ASG proved this approach successful by providing service to 30 clients over three years and generating 300 percent growth in revenue in 2015. 2016 has seen 182% growth thus far.

Neighborhood engagement

One major campaign ASG worked on in 2015 was Boston Creates, the city’s initiative to create a 10-year vision for arts and culture. ASG was hired to help create a neighborhood engagement plan and ensure the cultural planning process reflected Boston’s diversity. ASG launched an application process for individuals interested in becoming members of 17 different neighborhood teams who collected feedback on what their community envisioned for the arts in Boston.

ASG also coordinated and facilitated 113 community conversation events, engaging close to 1,500 Bostonians. ASG ensured that these conversations were offered in multiple languages. In the end, the campaign collected close to 500 surveys from residents and saw participation and engagement at rates far higher than other planning processes in other U.S. cities, according to Martinez.
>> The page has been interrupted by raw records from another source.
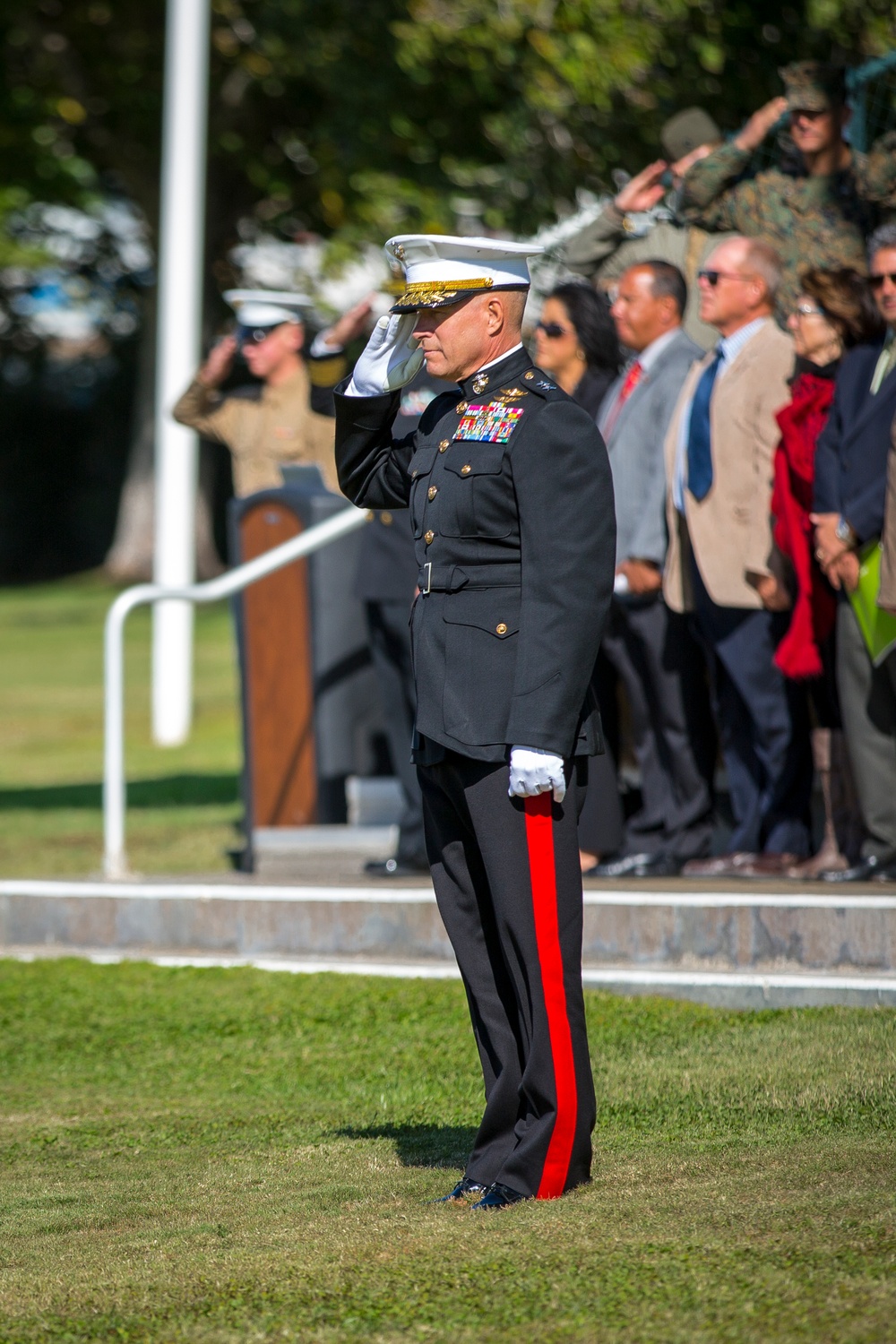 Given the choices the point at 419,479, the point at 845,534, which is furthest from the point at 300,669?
the point at 419,479

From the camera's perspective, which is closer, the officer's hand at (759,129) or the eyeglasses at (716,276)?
the eyeglasses at (716,276)

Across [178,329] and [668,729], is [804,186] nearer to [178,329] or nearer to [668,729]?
[668,729]

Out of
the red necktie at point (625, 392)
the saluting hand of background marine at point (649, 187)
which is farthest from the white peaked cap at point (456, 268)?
the saluting hand of background marine at point (649, 187)

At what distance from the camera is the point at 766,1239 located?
353cm

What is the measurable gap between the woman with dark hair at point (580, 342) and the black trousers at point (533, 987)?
3446 millimetres

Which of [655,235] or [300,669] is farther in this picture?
[300,669]

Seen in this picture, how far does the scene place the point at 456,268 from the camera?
4.09 meters

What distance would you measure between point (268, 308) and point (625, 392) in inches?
94.0

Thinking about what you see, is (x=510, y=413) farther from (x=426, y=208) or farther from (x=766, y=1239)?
(x=426, y=208)

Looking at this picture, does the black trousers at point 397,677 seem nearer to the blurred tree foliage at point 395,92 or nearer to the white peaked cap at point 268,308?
the white peaked cap at point 268,308

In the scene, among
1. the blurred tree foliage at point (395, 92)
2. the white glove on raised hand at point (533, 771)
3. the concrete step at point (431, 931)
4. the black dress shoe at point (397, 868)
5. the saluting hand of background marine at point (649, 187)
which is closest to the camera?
the white glove on raised hand at point (533, 771)

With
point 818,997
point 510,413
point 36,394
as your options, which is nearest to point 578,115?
point 818,997

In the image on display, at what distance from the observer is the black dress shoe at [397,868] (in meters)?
7.30

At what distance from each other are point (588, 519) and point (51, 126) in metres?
25.1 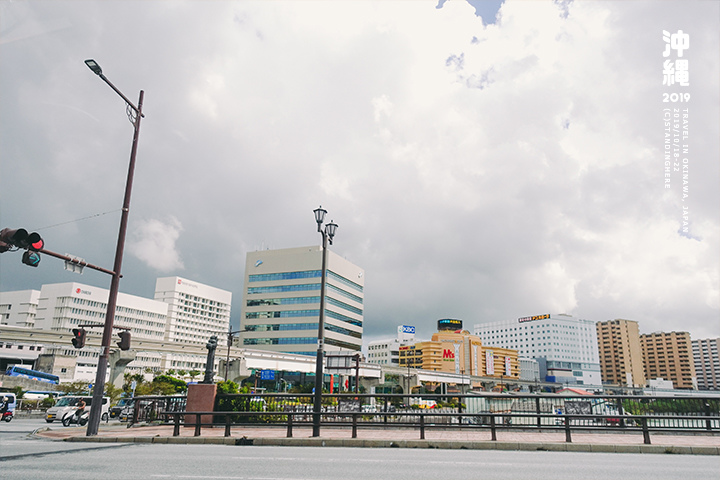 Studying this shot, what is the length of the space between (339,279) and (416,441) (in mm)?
101077

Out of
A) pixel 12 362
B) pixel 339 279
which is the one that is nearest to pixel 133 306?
pixel 12 362

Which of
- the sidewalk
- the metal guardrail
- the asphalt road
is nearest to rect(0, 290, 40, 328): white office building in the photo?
the metal guardrail

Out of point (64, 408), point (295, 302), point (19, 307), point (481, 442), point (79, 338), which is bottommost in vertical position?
point (64, 408)

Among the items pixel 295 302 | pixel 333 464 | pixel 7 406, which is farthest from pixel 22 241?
pixel 295 302

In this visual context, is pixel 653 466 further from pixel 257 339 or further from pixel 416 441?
pixel 257 339

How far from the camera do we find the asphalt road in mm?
8672

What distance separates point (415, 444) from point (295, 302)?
9562cm

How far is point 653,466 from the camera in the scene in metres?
10.1

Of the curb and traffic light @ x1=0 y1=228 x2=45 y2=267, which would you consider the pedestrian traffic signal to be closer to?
traffic light @ x1=0 y1=228 x2=45 y2=267

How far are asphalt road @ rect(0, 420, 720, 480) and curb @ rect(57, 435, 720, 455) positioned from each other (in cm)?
63

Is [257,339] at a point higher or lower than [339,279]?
lower

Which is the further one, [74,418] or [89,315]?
[89,315]

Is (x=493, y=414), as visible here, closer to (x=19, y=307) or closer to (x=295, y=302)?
(x=295, y=302)

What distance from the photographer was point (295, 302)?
10781 centimetres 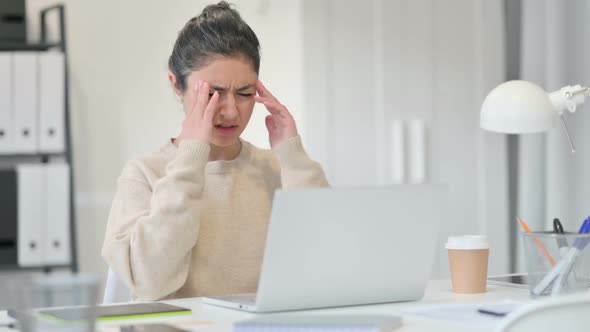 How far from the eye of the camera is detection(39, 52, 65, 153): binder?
318 centimetres

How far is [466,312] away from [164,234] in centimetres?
59

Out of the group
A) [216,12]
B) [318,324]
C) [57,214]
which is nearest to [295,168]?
[216,12]

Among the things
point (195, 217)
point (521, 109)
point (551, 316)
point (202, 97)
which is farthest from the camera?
point (202, 97)

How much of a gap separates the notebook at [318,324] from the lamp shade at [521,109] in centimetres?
61

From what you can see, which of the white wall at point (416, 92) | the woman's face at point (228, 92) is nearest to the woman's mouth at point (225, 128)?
the woman's face at point (228, 92)

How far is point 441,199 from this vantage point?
4.99ft

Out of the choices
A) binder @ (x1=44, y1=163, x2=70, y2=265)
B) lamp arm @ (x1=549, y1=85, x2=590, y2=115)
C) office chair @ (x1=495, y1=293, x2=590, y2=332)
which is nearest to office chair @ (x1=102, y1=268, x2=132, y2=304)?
lamp arm @ (x1=549, y1=85, x2=590, y2=115)

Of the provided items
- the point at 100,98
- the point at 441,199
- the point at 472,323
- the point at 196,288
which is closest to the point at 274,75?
the point at 100,98

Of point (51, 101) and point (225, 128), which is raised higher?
point (51, 101)

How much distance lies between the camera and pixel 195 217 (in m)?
1.76

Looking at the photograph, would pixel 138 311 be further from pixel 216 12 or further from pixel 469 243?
pixel 216 12

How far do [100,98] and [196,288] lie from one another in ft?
5.82

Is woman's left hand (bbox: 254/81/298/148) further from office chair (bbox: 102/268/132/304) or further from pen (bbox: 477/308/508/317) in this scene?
pen (bbox: 477/308/508/317)

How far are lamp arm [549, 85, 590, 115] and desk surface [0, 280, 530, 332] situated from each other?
35cm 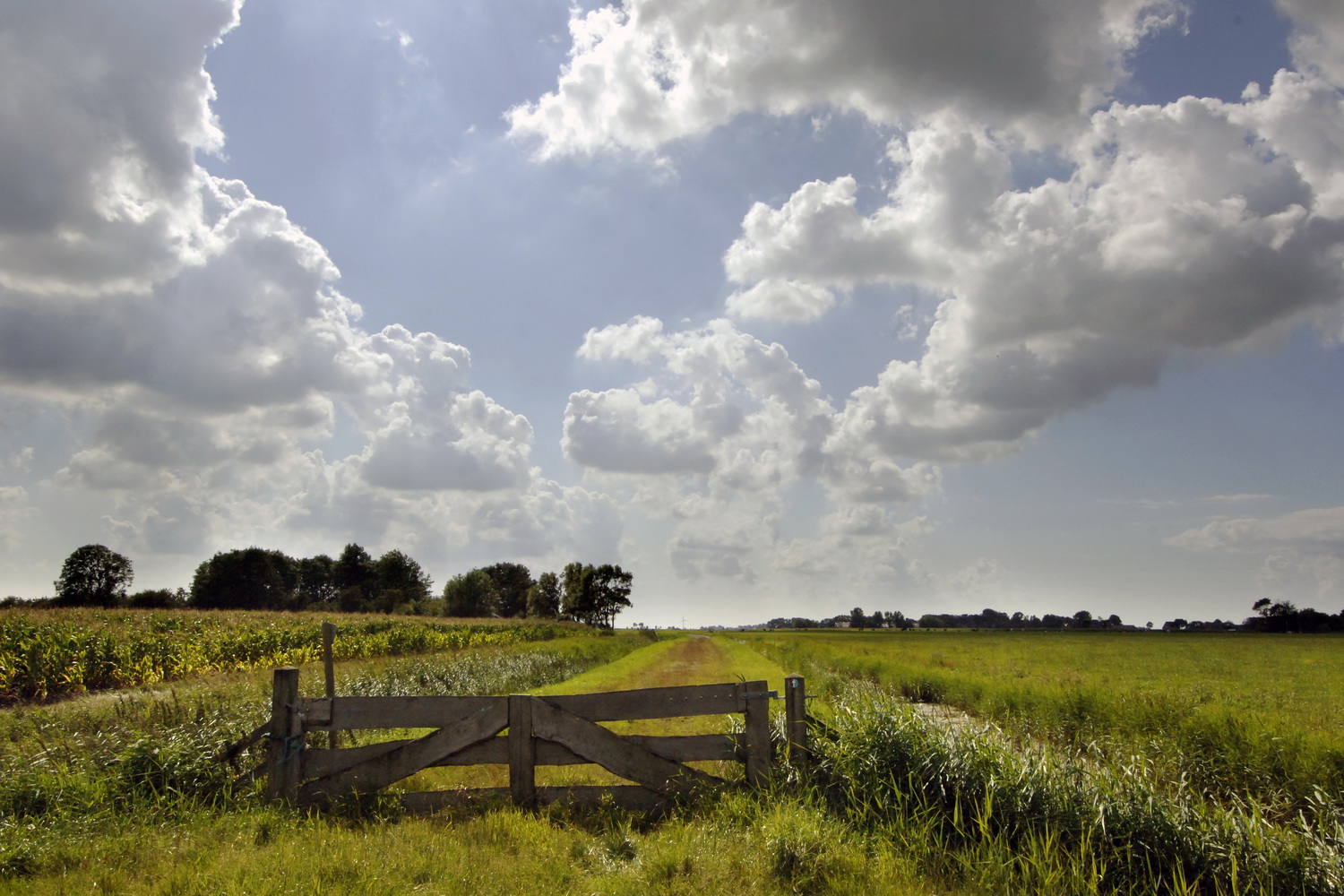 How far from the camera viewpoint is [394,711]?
759 cm

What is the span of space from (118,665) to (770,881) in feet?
65.7

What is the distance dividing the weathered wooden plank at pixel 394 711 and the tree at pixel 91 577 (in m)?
85.3

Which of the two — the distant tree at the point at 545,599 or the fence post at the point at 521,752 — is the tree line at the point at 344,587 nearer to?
the distant tree at the point at 545,599

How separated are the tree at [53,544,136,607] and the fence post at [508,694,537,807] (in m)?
86.5

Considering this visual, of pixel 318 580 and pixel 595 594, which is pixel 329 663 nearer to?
pixel 595 594

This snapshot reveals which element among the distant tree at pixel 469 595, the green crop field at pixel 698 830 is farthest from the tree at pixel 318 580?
the green crop field at pixel 698 830

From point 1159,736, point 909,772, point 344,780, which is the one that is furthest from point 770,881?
point 1159,736

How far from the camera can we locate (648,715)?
767 cm

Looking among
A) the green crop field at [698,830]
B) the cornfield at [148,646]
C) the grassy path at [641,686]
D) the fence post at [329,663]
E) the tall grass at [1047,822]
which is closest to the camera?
the green crop field at [698,830]

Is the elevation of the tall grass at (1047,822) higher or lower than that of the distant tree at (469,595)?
higher

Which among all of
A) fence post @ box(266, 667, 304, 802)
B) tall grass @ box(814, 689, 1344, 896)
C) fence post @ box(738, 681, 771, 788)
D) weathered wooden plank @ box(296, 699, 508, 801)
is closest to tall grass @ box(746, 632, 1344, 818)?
tall grass @ box(814, 689, 1344, 896)

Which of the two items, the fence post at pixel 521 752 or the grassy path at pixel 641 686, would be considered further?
the grassy path at pixel 641 686

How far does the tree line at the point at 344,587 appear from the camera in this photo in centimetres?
7669

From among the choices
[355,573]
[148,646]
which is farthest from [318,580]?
[148,646] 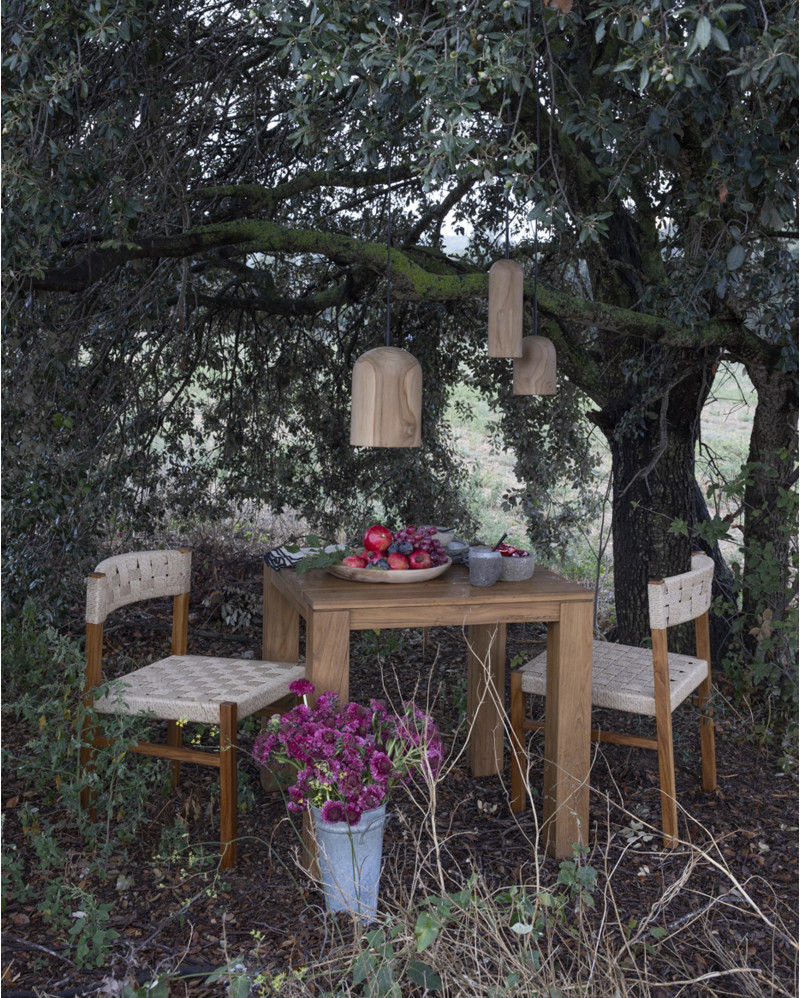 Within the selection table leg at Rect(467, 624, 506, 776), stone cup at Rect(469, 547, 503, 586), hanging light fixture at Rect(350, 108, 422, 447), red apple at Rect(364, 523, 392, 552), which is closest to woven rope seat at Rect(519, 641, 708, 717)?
table leg at Rect(467, 624, 506, 776)

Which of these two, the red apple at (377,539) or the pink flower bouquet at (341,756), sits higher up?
the red apple at (377,539)

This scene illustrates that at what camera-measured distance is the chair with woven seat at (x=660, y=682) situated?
116 inches

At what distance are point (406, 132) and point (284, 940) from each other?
3148 mm

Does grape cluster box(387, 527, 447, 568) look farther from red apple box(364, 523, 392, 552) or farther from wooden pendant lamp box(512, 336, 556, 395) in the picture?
wooden pendant lamp box(512, 336, 556, 395)

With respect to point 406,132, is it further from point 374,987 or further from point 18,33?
point 374,987

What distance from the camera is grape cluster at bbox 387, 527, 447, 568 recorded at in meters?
3.10

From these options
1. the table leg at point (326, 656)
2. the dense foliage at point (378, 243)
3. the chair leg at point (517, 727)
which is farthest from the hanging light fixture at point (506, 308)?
the chair leg at point (517, 727)

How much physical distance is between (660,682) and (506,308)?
1.19 m

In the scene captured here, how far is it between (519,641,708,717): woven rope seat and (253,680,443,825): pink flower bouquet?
0.66 metres

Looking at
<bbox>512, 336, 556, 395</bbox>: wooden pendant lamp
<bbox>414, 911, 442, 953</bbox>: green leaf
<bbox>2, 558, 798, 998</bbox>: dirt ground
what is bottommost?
<bbox>2, 558, 798, 998</bbox>: dirt ground

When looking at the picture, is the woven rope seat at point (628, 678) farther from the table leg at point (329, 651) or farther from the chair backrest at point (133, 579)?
the chair backrest at point (133, 579)

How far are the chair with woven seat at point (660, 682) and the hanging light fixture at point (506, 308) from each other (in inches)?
32.3

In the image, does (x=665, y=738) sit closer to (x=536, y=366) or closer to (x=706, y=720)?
(x=706, y=720)

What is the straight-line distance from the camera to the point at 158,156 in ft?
11.4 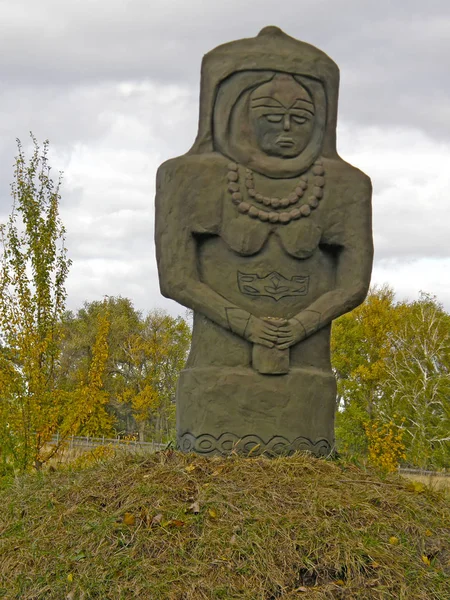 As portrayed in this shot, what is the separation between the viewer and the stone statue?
6.35 m

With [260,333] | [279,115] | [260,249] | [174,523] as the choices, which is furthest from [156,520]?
[279,115]

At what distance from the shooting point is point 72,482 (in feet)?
20.0

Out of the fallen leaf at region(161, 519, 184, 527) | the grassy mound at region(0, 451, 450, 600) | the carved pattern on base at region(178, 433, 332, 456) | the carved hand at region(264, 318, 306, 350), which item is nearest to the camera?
the grassy mound at region(0, 451, 450, 600)

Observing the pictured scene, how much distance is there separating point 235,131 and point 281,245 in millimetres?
1051

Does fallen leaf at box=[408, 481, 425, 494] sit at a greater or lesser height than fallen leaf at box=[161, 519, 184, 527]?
greater

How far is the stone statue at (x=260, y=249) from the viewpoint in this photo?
20.8 ft

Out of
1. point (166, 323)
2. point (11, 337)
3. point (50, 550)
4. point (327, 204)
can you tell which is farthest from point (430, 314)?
point (50, 550)

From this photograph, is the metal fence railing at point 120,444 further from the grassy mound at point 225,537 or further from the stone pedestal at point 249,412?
the grassy mound at point 225,537

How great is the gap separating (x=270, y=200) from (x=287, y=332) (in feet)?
3.64

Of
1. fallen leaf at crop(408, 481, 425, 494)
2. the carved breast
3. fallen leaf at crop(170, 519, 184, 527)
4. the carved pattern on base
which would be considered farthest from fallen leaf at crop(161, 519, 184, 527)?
the carved breast

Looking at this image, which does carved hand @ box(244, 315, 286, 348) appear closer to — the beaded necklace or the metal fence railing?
the beaded necklace

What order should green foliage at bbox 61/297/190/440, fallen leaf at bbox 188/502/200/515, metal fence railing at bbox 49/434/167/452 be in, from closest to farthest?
fallen leaf at bbox 188/502/200/515 → metal fence railing at bbox 49/434/167/452 → green foliage at bbox 61/297/190/440

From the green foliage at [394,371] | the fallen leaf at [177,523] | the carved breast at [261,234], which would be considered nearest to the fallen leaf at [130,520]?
the fallen leaf at [177,523]

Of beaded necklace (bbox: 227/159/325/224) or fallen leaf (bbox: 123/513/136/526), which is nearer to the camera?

Due to the firm’s rapid growth, ASG hired a Vice President, Alec Loftus, in October to help lead the firm and take on major clients, like its new contract with Health Connector, which ASG won through the state’s competitive bidding process earlier this summer. In support of Massachusetts’s universal health care goals, ASG is conducting focus groups, creating a multilingual ad campaign and canvassing communities to reach uninsured populations.

“We’re a part of the fabric of this society,” said Martinez of the multicultural communities she plans to continue to represent and engage not just in the United States, but someday, internationally, too.